---------- DATASET

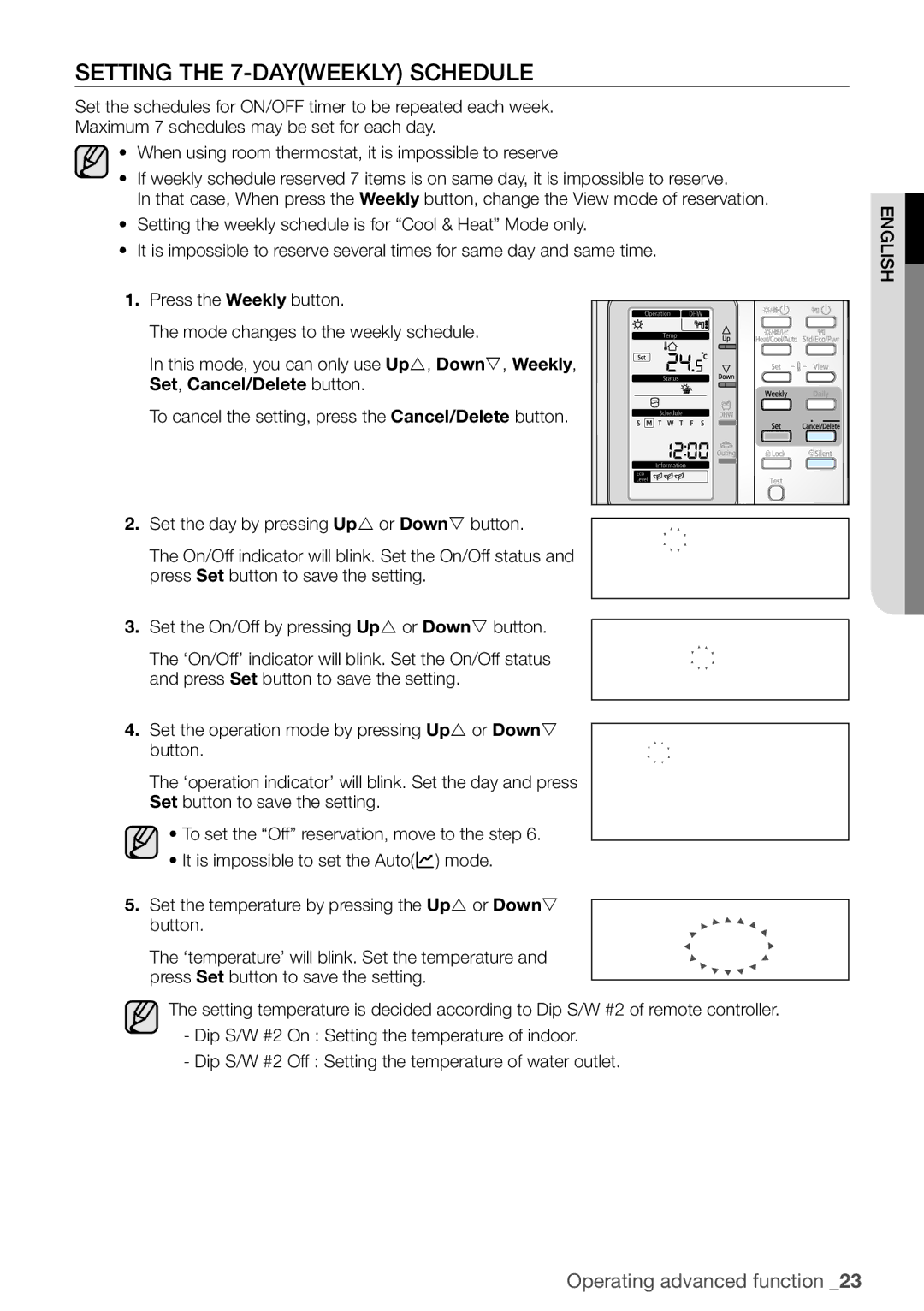 Samsung NH300WHXES, NH200WHXES, NH160PHXEA, NH080PHXEA user manual Setting the 7-DAYWEEKLY Schedule, Set, Cancel/Delete button 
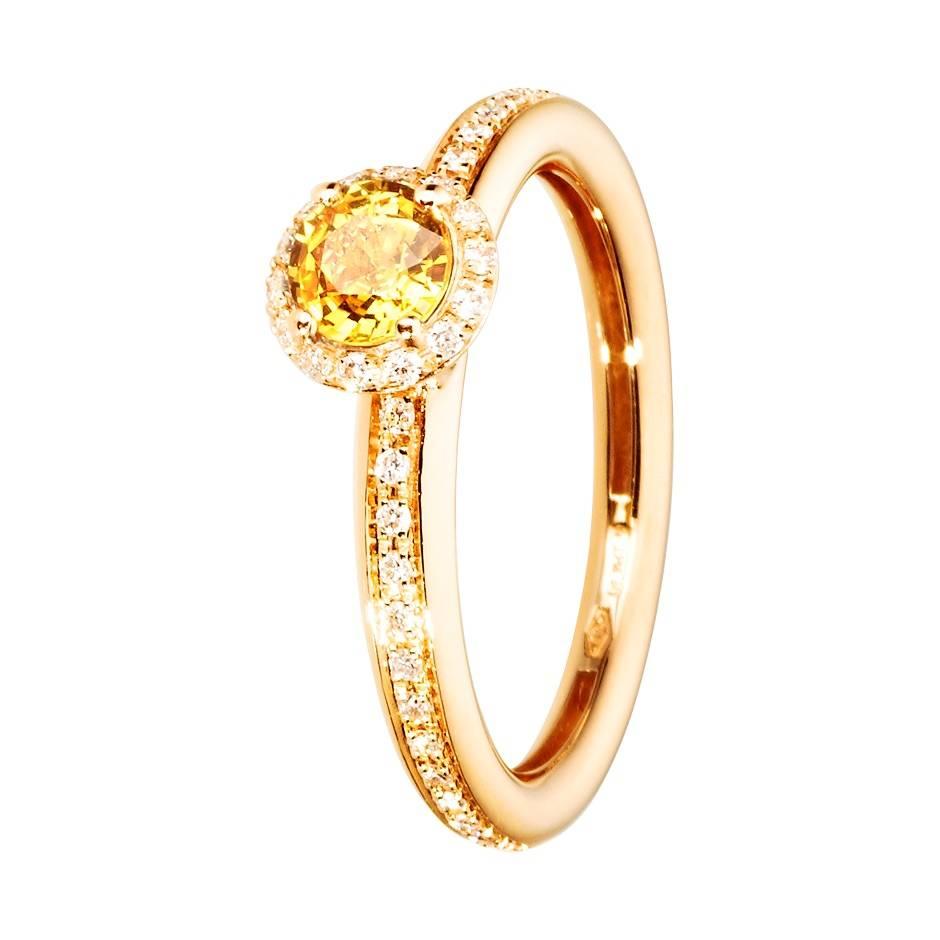 Renesim Yellow Sapphire Diamond Rose Gold Ring For Sale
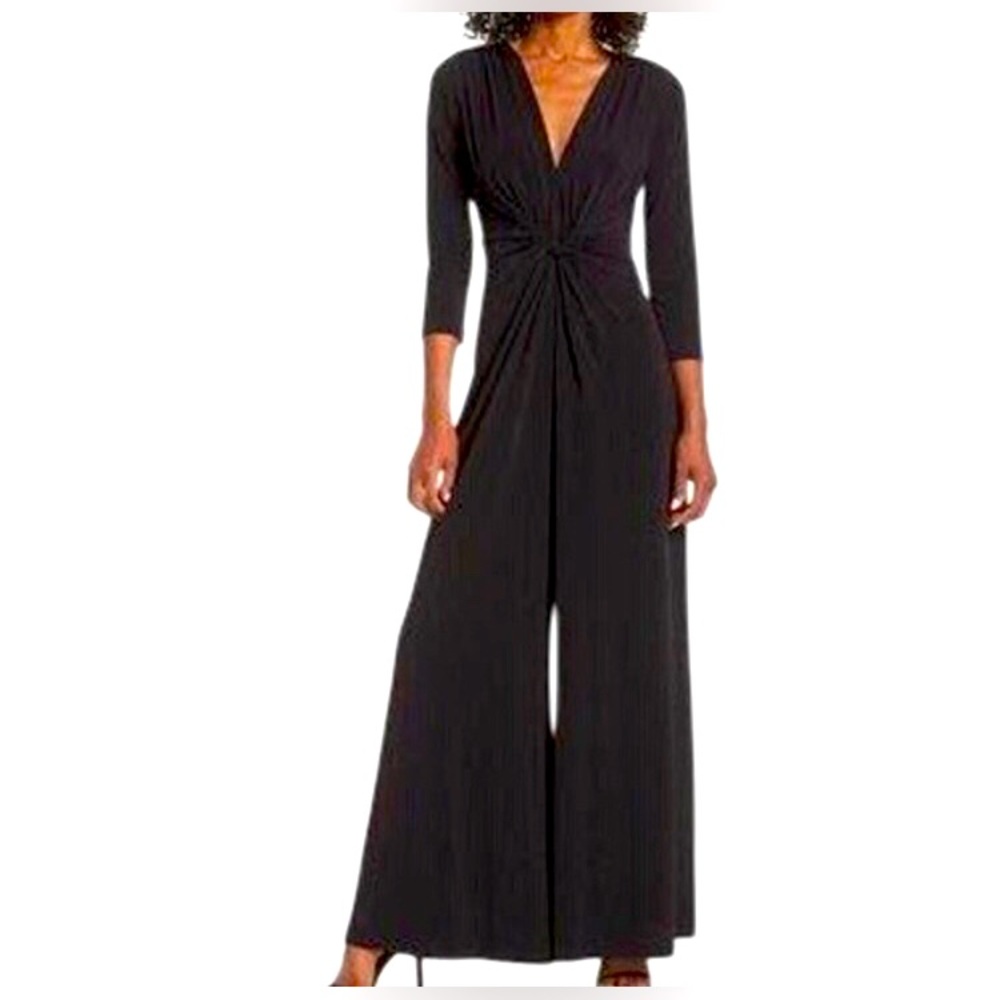 Eliza J Twist Front Wide Leg Stretch Jumpsuit 14 Black Formal Evening Party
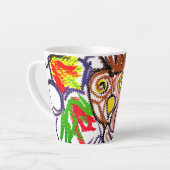 フクロウの秋の喜び カフェラテマグ (左アングル)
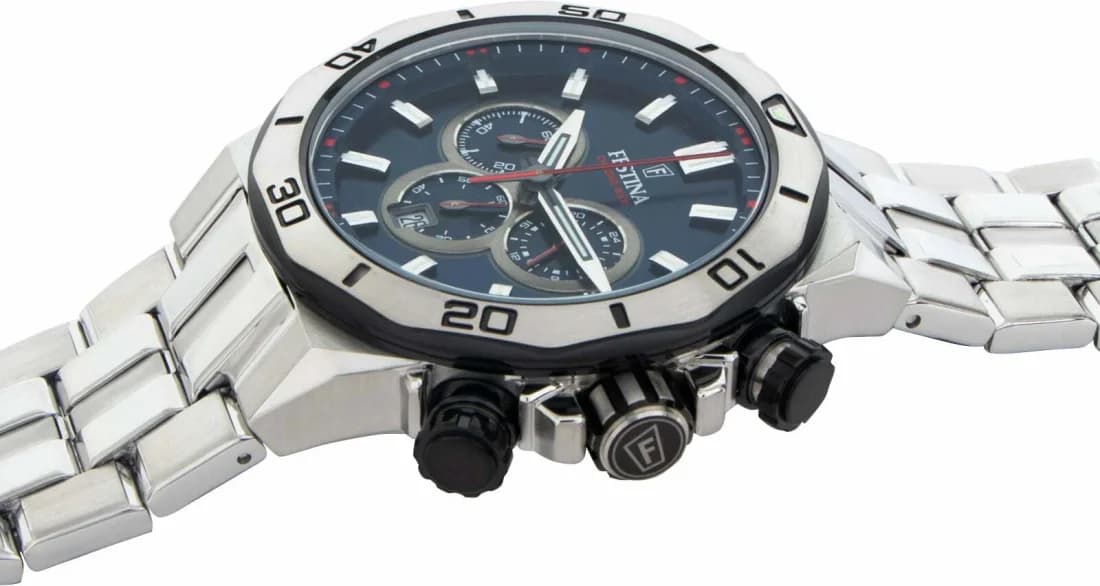 Bracelet Festina F20448/3 en cuir noir cousu bleu, boucle ardillon acier brossé, confort et robustesse
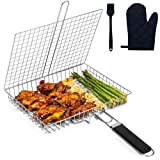 Grill Basket, Barbecue BBQ Grilling Basket , Stainless Steel Large Folding Grilling baskets With Handle, Portable Outdoor Camping BBQ Rack for Shrimp, Vegetables, Barbeque Griller Cooking Accessories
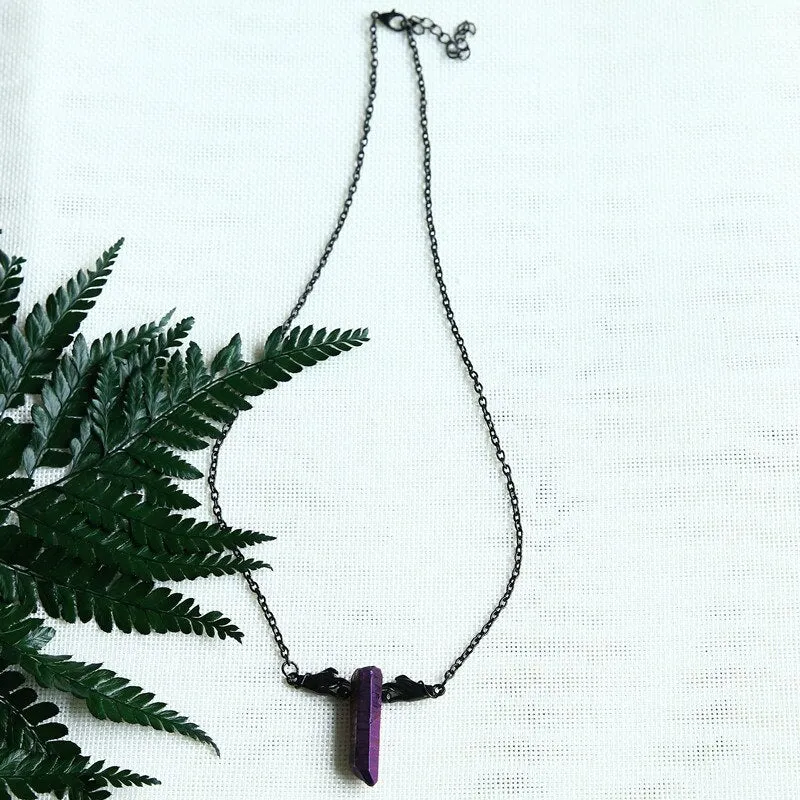 Fortune Teller Raw Crystal and Hands Necklace Raw Purple Quartz Point Pendant Victorian Hand Jewellery  Palmistry Jewelry Gothic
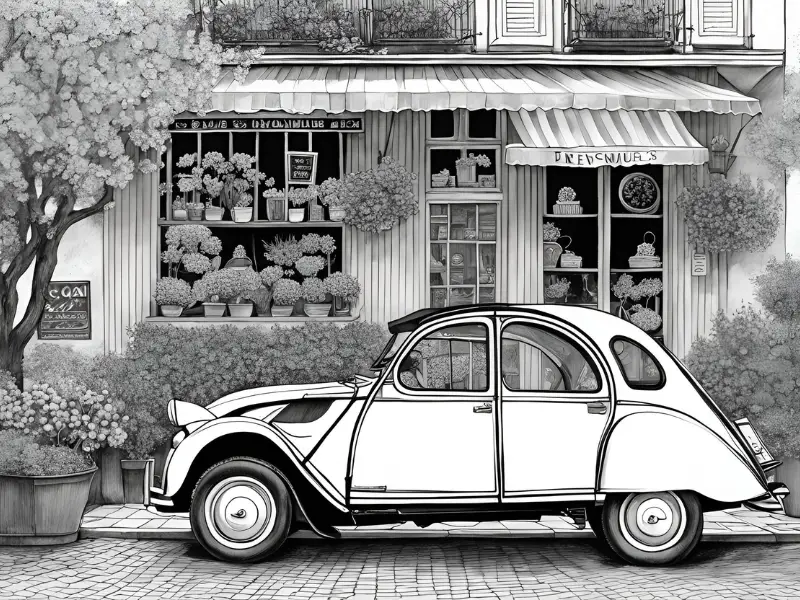 dessin, illustration, voiture ancienne, voiture vintage, location, voiture ancienne, road trip Baie de Somme, Repaire vintage, Baie de Somme, escapade rétro, voiture de collection, charme rétro, week-end vintage, côte picarde, Hauts-de-France, vacances rétro, automobile, tourisme vintage, 2CV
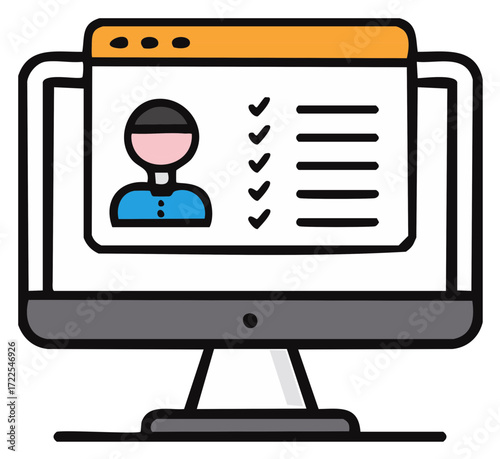 User profile with personal information and verified checklist on a computer screen icon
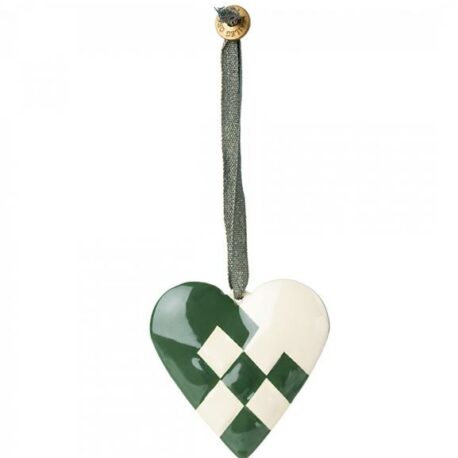 coeur metal maileg vert 14-2502-00 ornement décoratif à suspendre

--------------------

- [WHAT YOU HAVE TO DO] What is needed is an exact copy of the lines above, from the one holding "Renesim Yellow Sapphire" down to the one holding "フクロウの秋の喜び カフェラテマグ (左アングル)", with those two included and the pictures left out.

- [RESPONSE TO THIS EXERCISE]
 Renesim Yellow Sapphire Diamond Rose Gold Ring For Sale
 Eliza J Twist Front Wide Leg Stretch Jumpsuit 14 Black Formal Evening Party
 フクロウの秋の喜び カフェラテマグ (左アングル)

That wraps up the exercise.